She prayed to the Gods for forgiveness, but she cannot bring it to herself to make peace with the betrayal. She had accepted everything thrown at her. When she was betrothed twice to separate men she did not know, she was silent and accepting. When her husband brought home his bastard, she was forbearing even if it broke her heart into millions.
"Forgive me…" she uttered, praying to whoever deemed to listen, for she thought she had already prayed too long and too much.
It was not her fault that she was betrayed, that she refused to be insulted moreover, that she was scared. And Ned was willing to give up their family for his bastard.
Out of mere anger, she threw the lamp to the floor. She sobbed more, letting go of the pain she kept hidden within the castle walls. She paced towards the end of the hill, where the landslide damaged it.
The earth was wet with rain as she stopped by its edge. She looked down at her feet, seeing the height she was on.
It reminded her of Eyrie, where her sister lived. The moon door had given her goose bumps the first time she saw it. She never looked onto it since.
She wondered though how it would feel, falling into abyss, having enough time to feel scared and before you know it, you've plummeted to your death.
It felt the same with Ned leaving her, she thought. But then death may have been even easier.
Her husband was gone most of the time, but she had always known Ned would always come home. Winterfell was his home anyway. Maybe Ned was just testing her, but Ned was never a man of empty threats and promises. The north remembers. Always.
She died a little every day, with the sight of Jon Snow, with the tainted legacy of her husband's infidelity, and she was stabbed to the heart when Ned threatened to leave her for the bastard. Falling off a cliff may have been easier.
She tilted her head over its height again. She felt nauseated at how high she was.
The vast darkness covered everything below except for the orange light, flickering through the houses' windows below.
Arya would have loved the sight of this, her little girl who was never really afraid of anything.
Sansa was always a lady, she would love this view in the morning with her hot tea and a book.
Bran loved heights. She found him more often on the roof or the walls of the castle than the grounds.
And his little Rickon, she brought Robb here when he was Rickon's age. Maybe he would love it too as much as his first born did.

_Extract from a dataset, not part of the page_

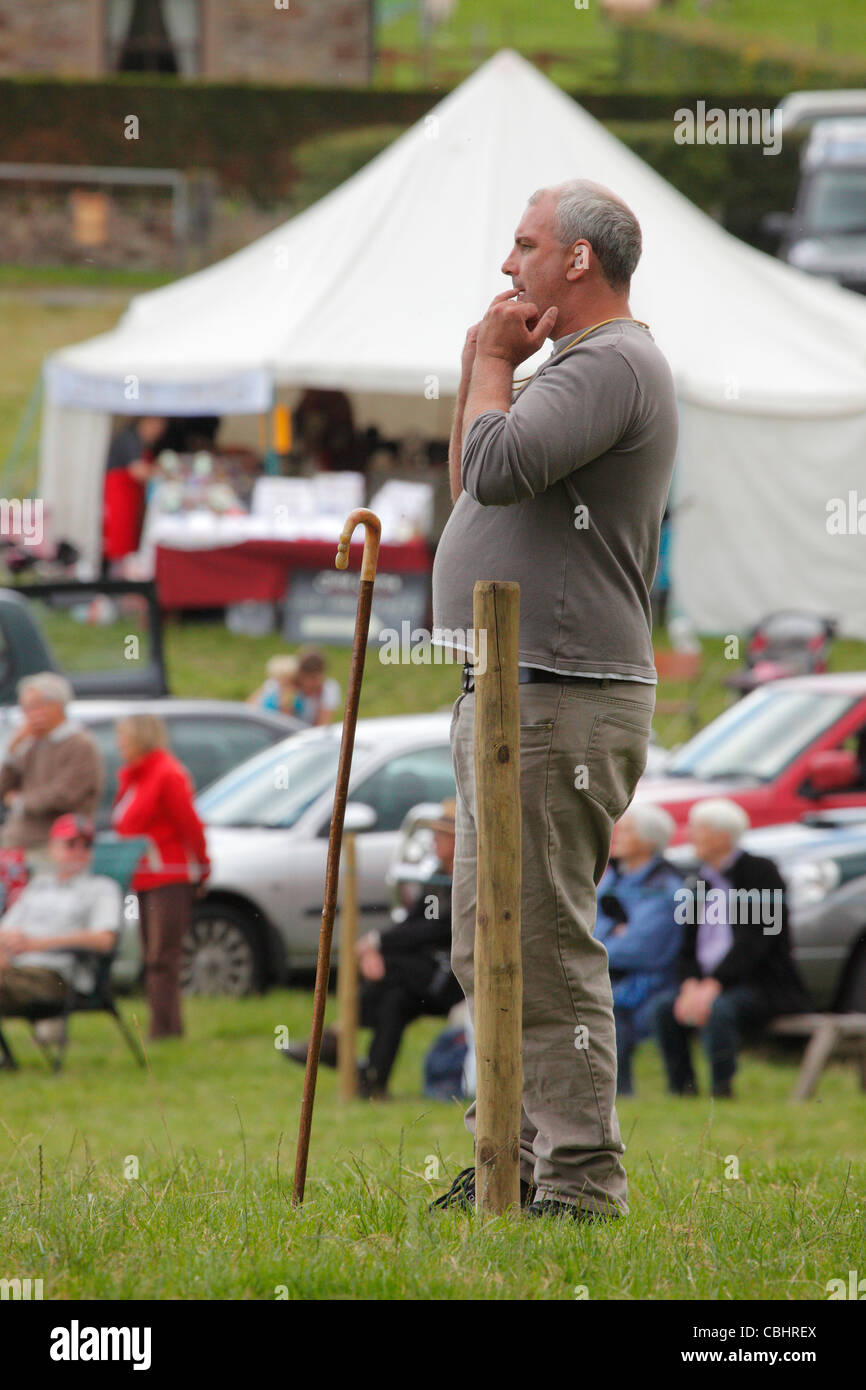 Man whistling to sheep dog at Calbeck Sheep Dog Trail near Calbeck, Cumbria, UK Stock Photo Alamy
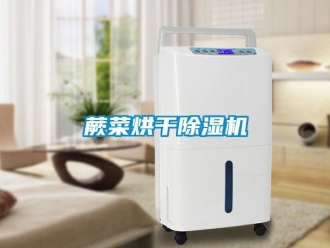 行業(yè)新聞蕨菜烘干除濕機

She couldn't be any prouder of the man her son, Robb had become. She had imagined him strong and willful, just like his father… her husband.
She thought of Jon's face, how he looked so much like Ned. The fact that she couldn't figure out what his mother might have looked like annoyed her. But then she decided that they were not worth it, Jon and his whore of a mother.
She lightly moved her feet backwards. They were not worth it.
"M-my Lady?" a voice behind her whispered.
She was startled at the man standing a few feet away from her. She did not have enough time to see who it was when she felt the earth at the bottom of her feet softened. The lady slipped, her left foot slid to the edge, followed by the other.
Her heart fell, stomach lurched at the thought of her imminent death. She forgot to breathe.
But then the man dove to her quickly as she was about to fall off. Catelyn was swift enough to hold on to the edge, but it was slippery and wet form the heavy rain. Her hands were slipping, however hard she held on.
The man immediately caught her arms. His body lounged on the border of the cliff. She looked at his face, determined to know who it was. She felt a sudden jolt of hope when he recognized who it was against the darkness and rain.
"Ned… you came back for me…" she murmured, the rain blinding her sight.
"Hold on, my lady!" The man asked with much difficulty. He tried to pull her up but he found it too grueling.
"D-don't let go of me…" Lady Stark pleaded, afraid and fearful.
"Don't be scared, my lady! Just hold on to me!" he asked through his struggle.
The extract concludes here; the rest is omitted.